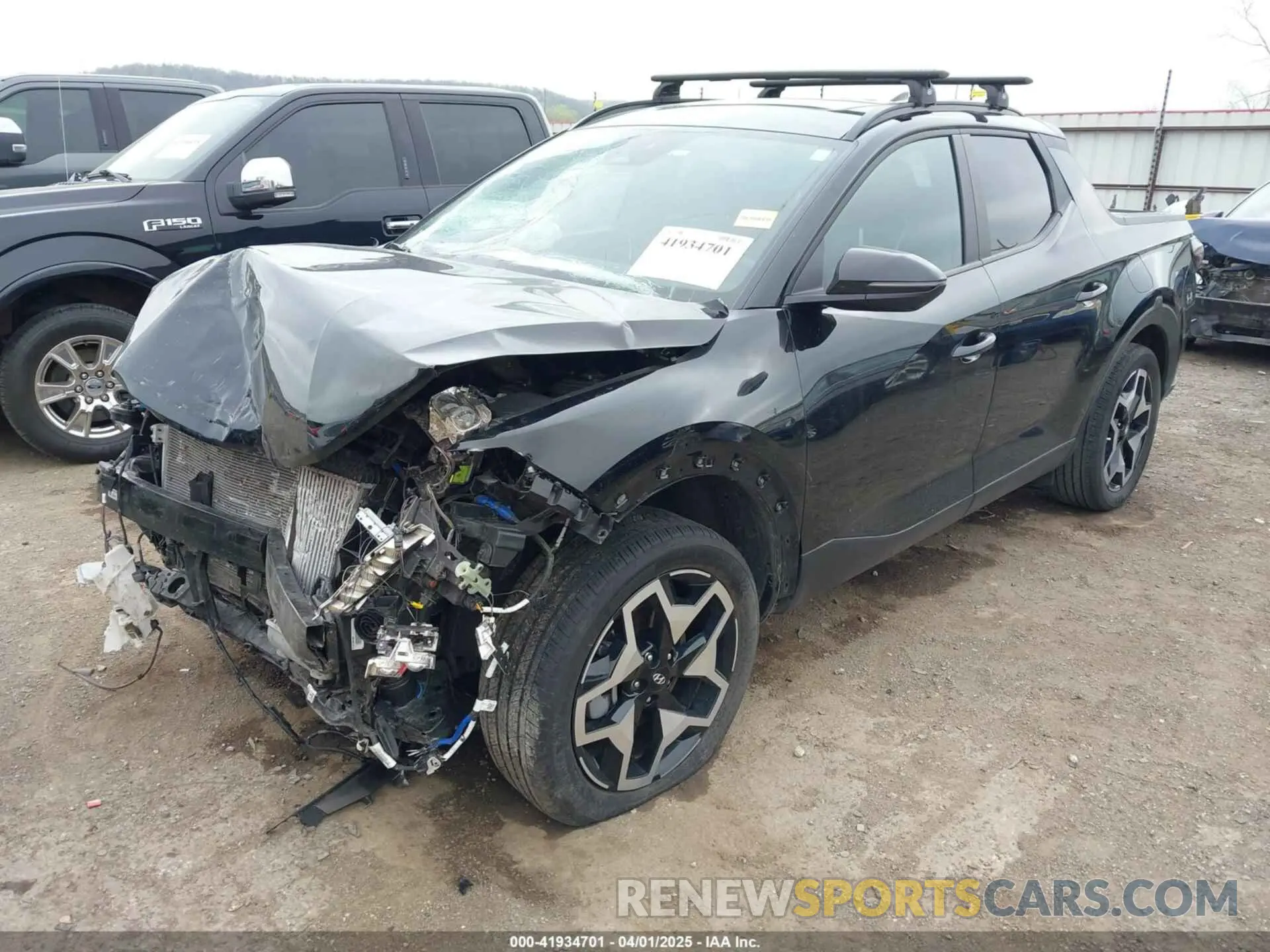 2 Photograph of a damaged car 5NTJEDAF3PH055086 HYUNDAI SANTA CRUZ 2023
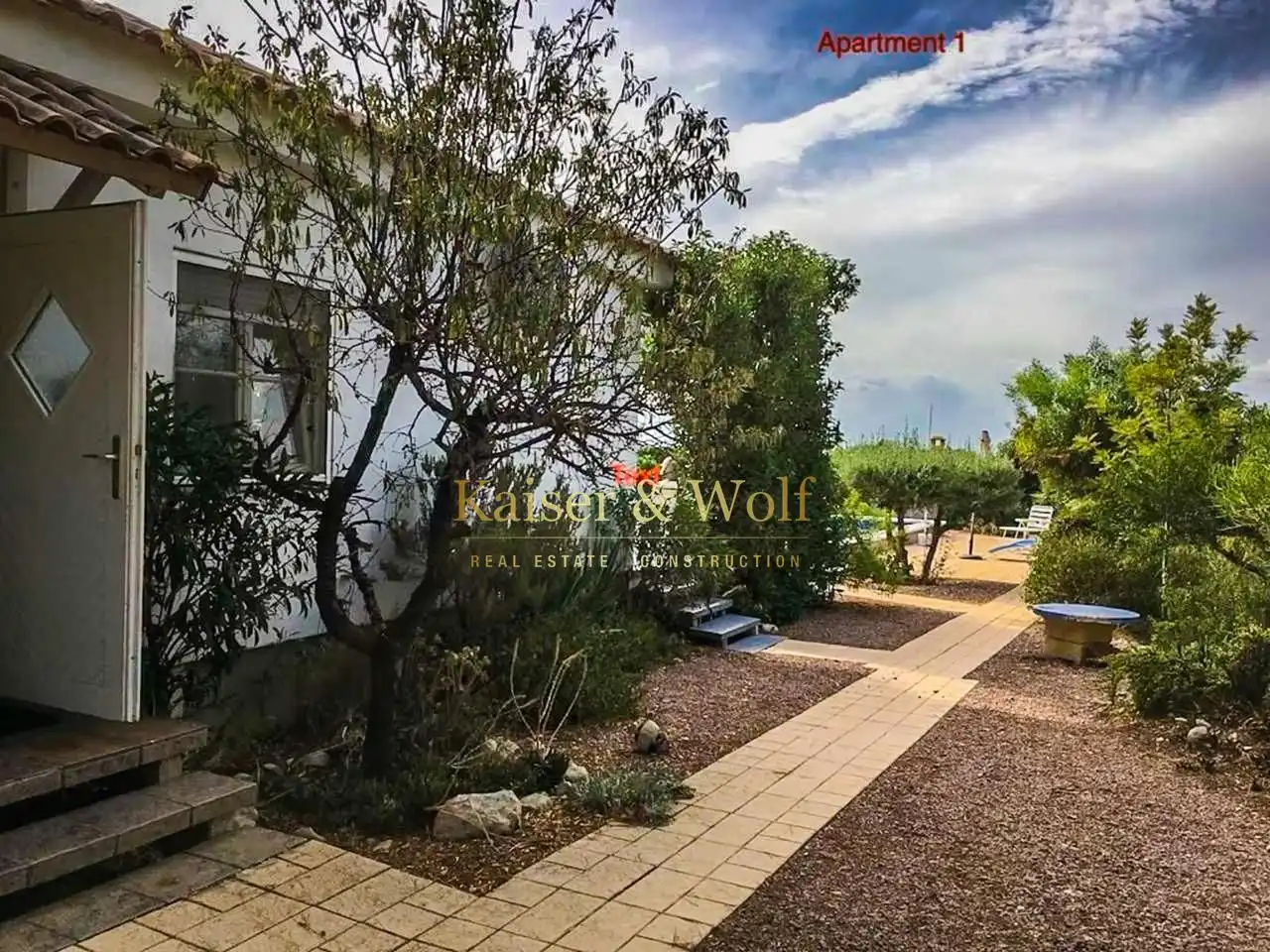 Vista exterior de Finca rústica en venda en Albatera amb Aire condicionat, Jardí privat i Piscina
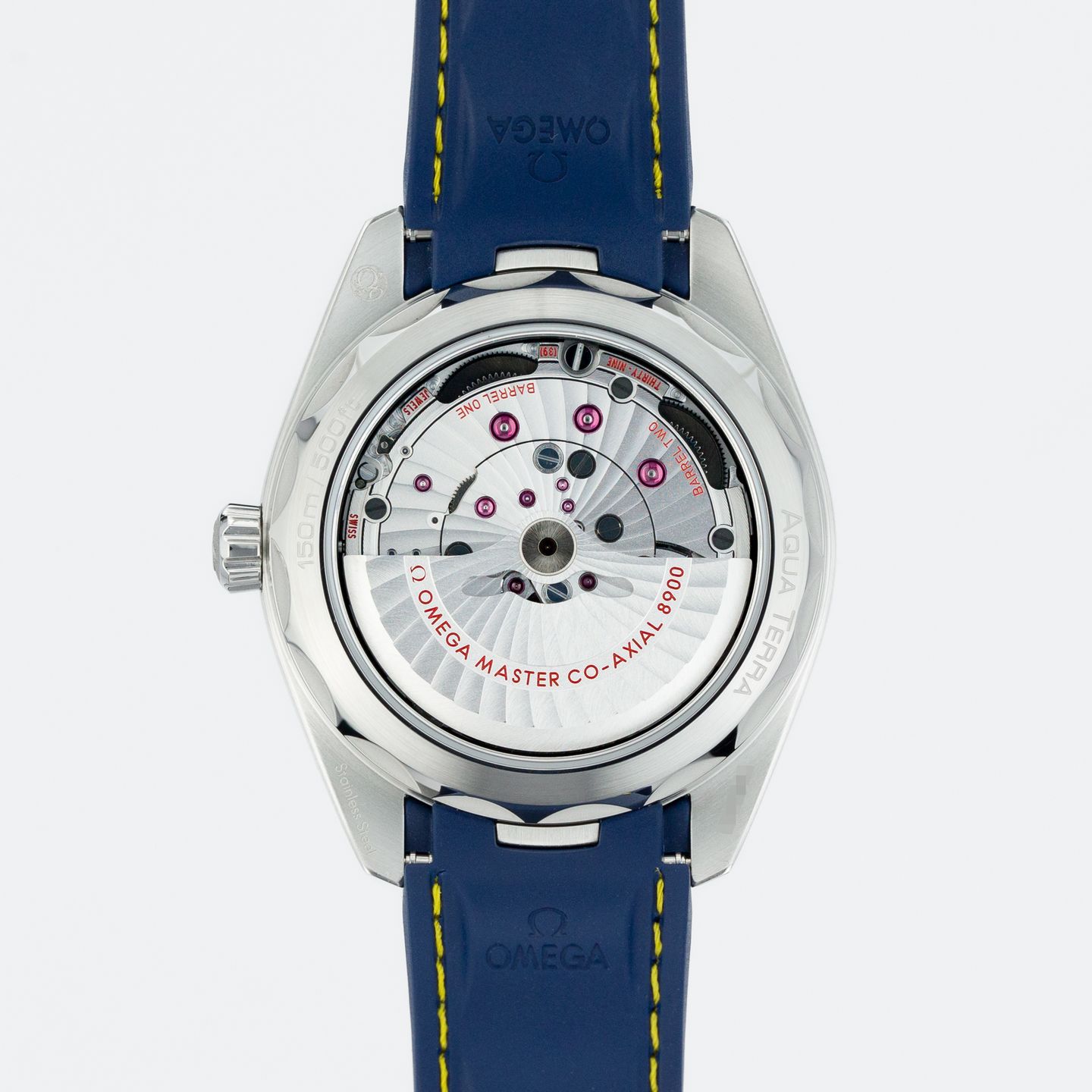 Omega Seamaster Aqua Terra 220.12.41.21.03.009 (2024) - Blauw wijzerplaat 41mm Staal (5/8)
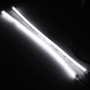 2pcs 45CM SMD3014 Flexible LED Strip Light DRL Daytime Running Lamp For Motorcycle Scooter Car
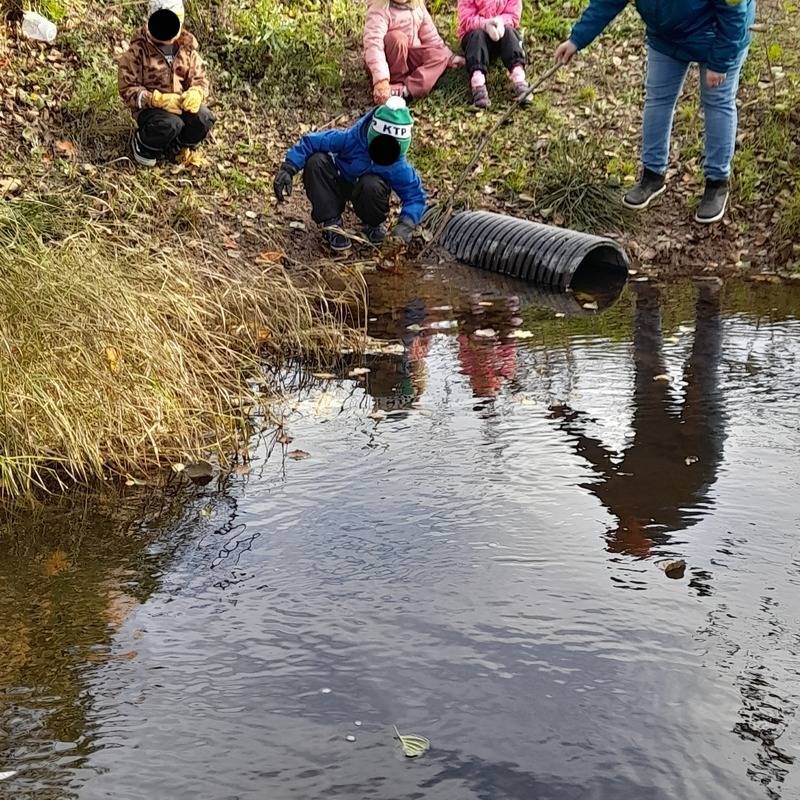 Laiva valmiina lähtöön...
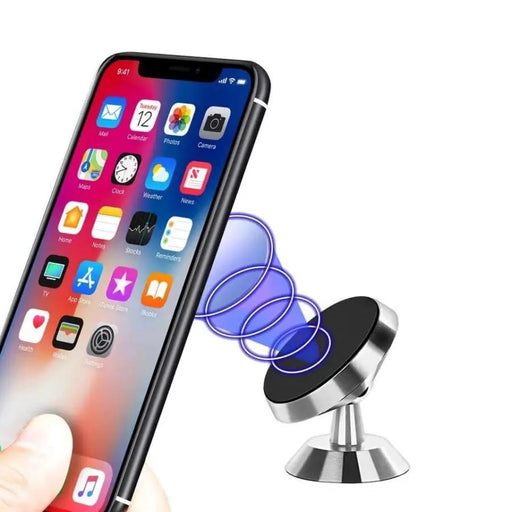 Magnetic Phone Holder (Black) by 9eight5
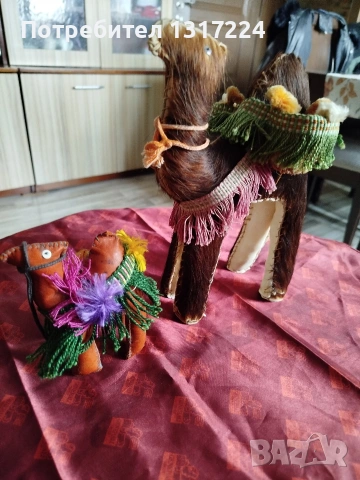 Камили от естествена кожа , снимка 12 - Декорация за дома - 53289284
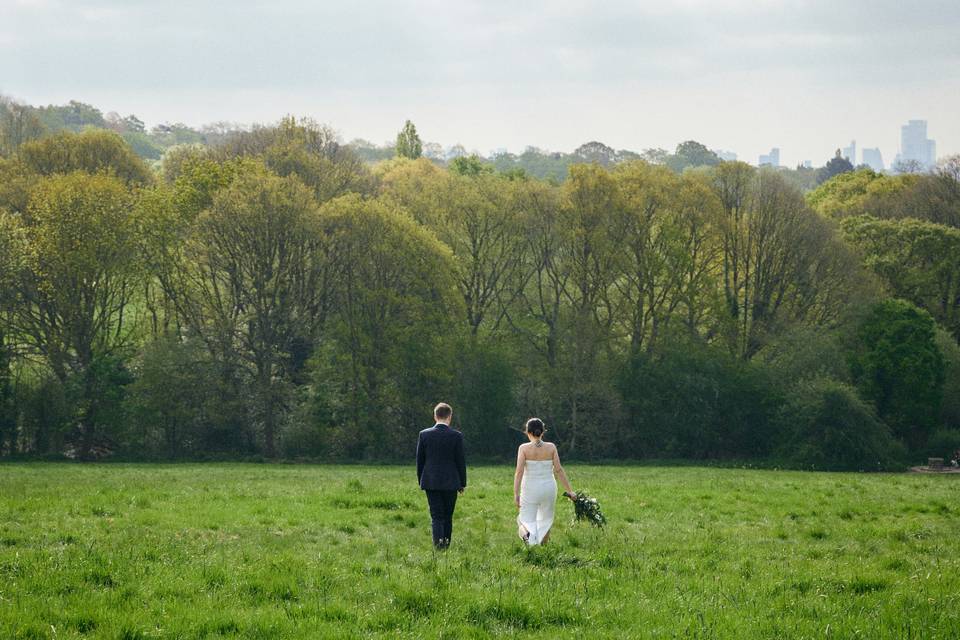 At Hampstead Heath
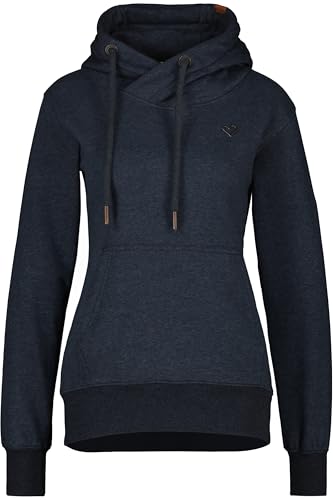 ALIFE and Kickin SarahAK A Hoodie – Damen Hoodie – Pullover mit Kapuze - Extra Warm & Kuschelig – Kapuzenpullover Ideal für den Winter Marine Melange L ALIFE and Kickin SarahAK A Hoodie – Damen Hoodie – Pullover mit Kapuze - Extra Warm & Kuschelig – Kapuzenpullover Ideal für den Winter Marine Melange L von alife & kickin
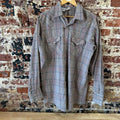 Western Frontier Mens Large Tall Button Up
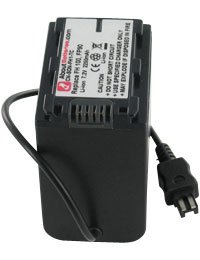 Sony HandyCam DCR-DVD108 Camcorder Filter Kit - Wide Angle, Telephoto, Quick-Rapid External Battery Charger + MORE! DCRDVD108 BigVALUEInc Accessory Super Saver Bundle - Brand New USA!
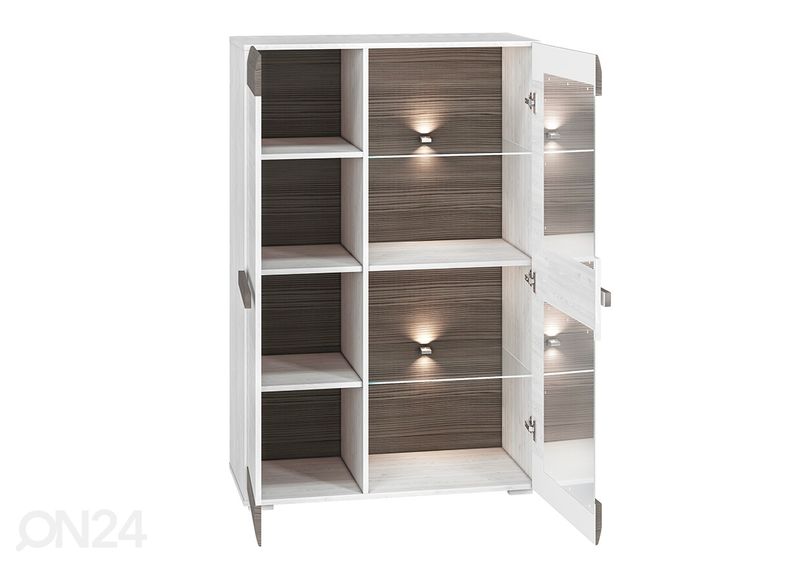 Шкаф-витрина Bianca 92 cm увеличить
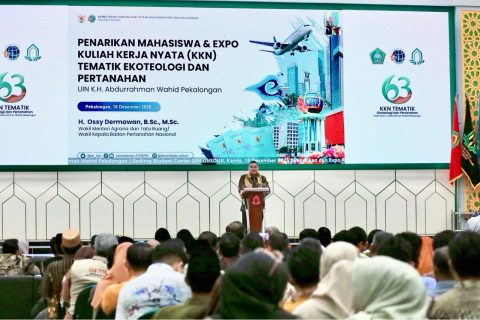 Wamen ATR/BPN Apresiasi Kolaborasi Lintas Sektor dalam Pengamanan Aset Wakaf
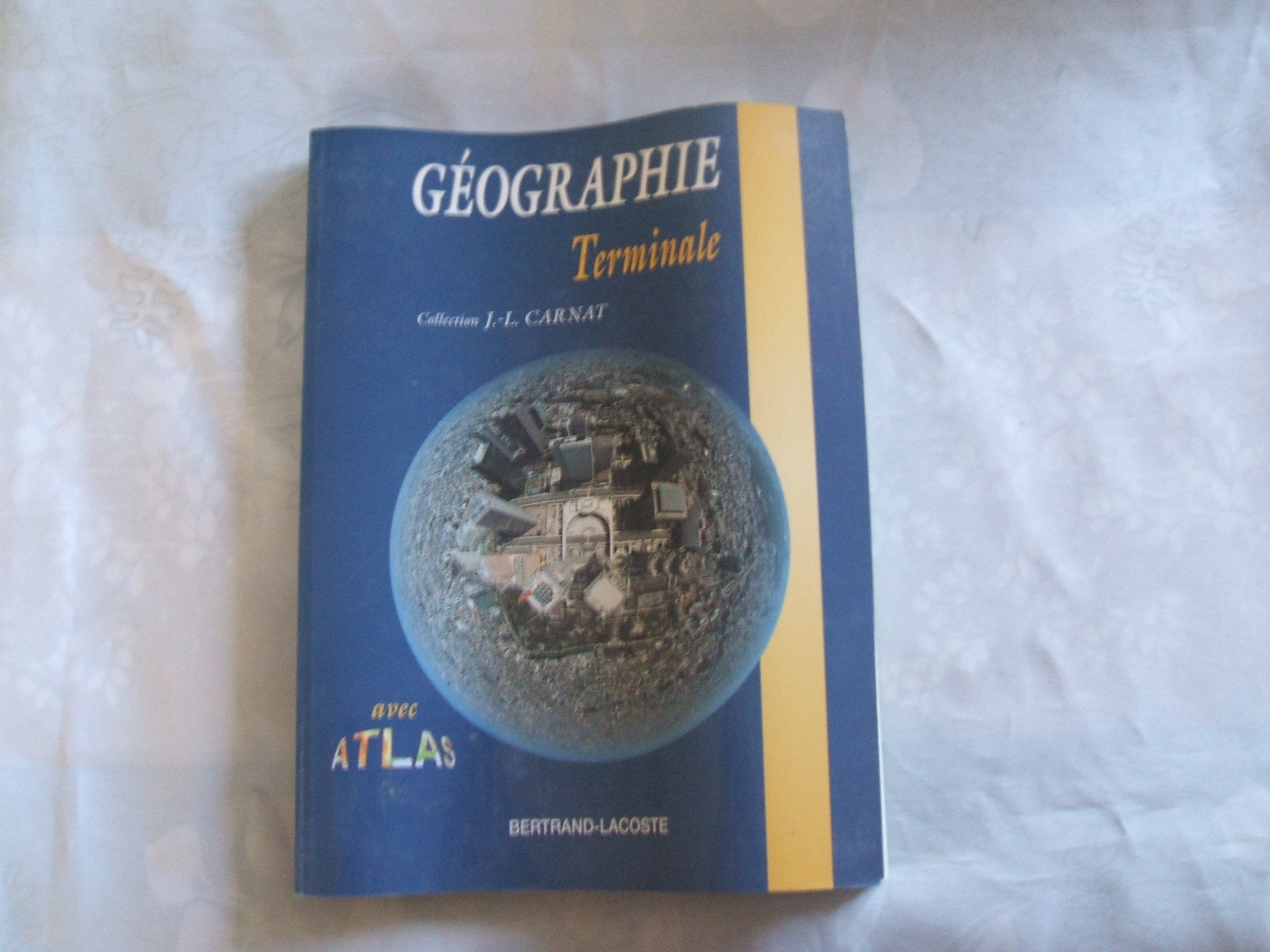 L'espace mondial, géographie, terminale book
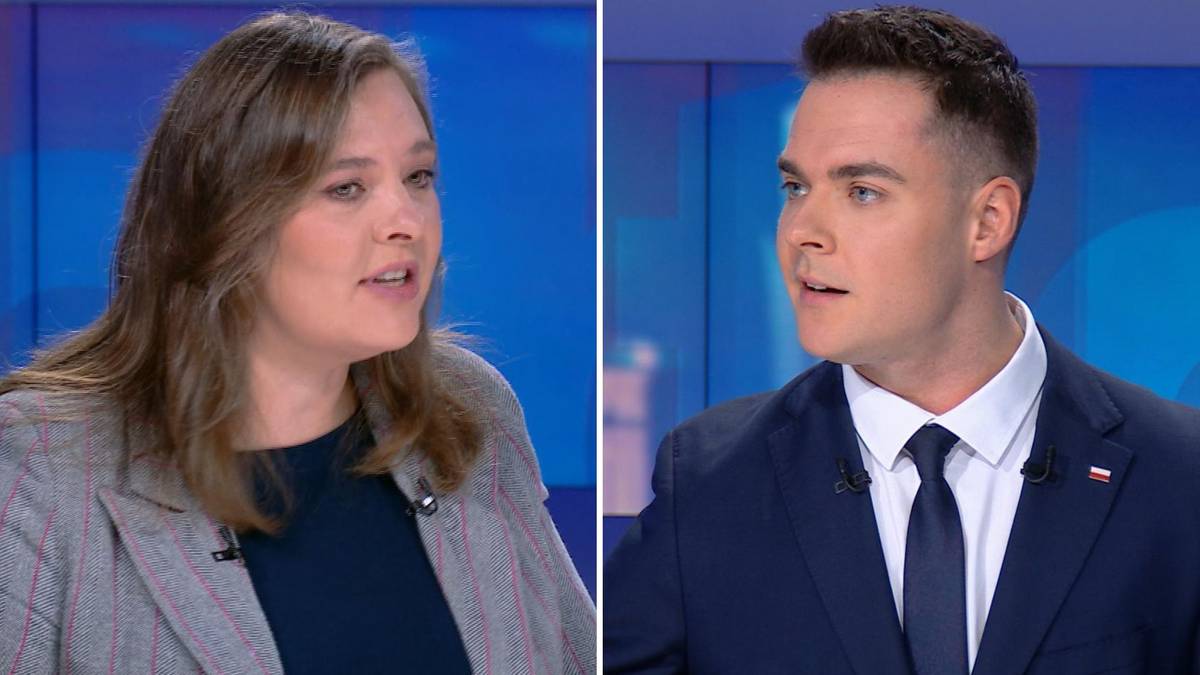 "Do Lwowa, do Kijowa". Awantura w studiu Polsat News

*TASK BRIEF*: Nothing but the lines from the line with "Laiva valmiina lähtöön..." through the last line of the listing above should be repeated, and pictures should be left out.

*RESULT OF THE TASK*:
 Laiva valmiina lähtöön...
 Magnetic Phone Holder (Black) by 9eight5
 Камили от естествена кожа , снимка 12 - Декорация за дома - 53289284
 At Hampstead Heath
 ALIFE and Kickin SarahAK A Hoodie – Damen Hoodie – Pullover mit Kapuze - Extra Warm & Kuschelig – Kapuzenpullover Ideal für den Winter Marine Melange L ALIFE and Kickin SarahAK A Hoodie – Damen Hoodie – Pullover mit Kapuze - Extra Warm & Kuschelig – Kapuzenpullover Ideal für den Winter Marine Melange L von alife & kickin
 Western Frontier Mens Large Tall Button Up
 Sony HandyCam DCR-DVD108 Camcorder Filter Kit - Wide Angle, Telephoto, Quick-Rapid External Battery Charger + MORE! DCRDVD108 BigVALUEInc Accessory Super Saver Bundle - Brand New USA!
 Шкаф-витрина Bianca 92 cm увеличить
 Wamen ATR/BPN Apresiasi Kolaborasi Lintas Sektor dalam Pengamanan Aset Wakaf
 L'espace mondial, géographie, terminale book
 "Do Lwowa, do Kijowa". Awantura w studiu Polsat News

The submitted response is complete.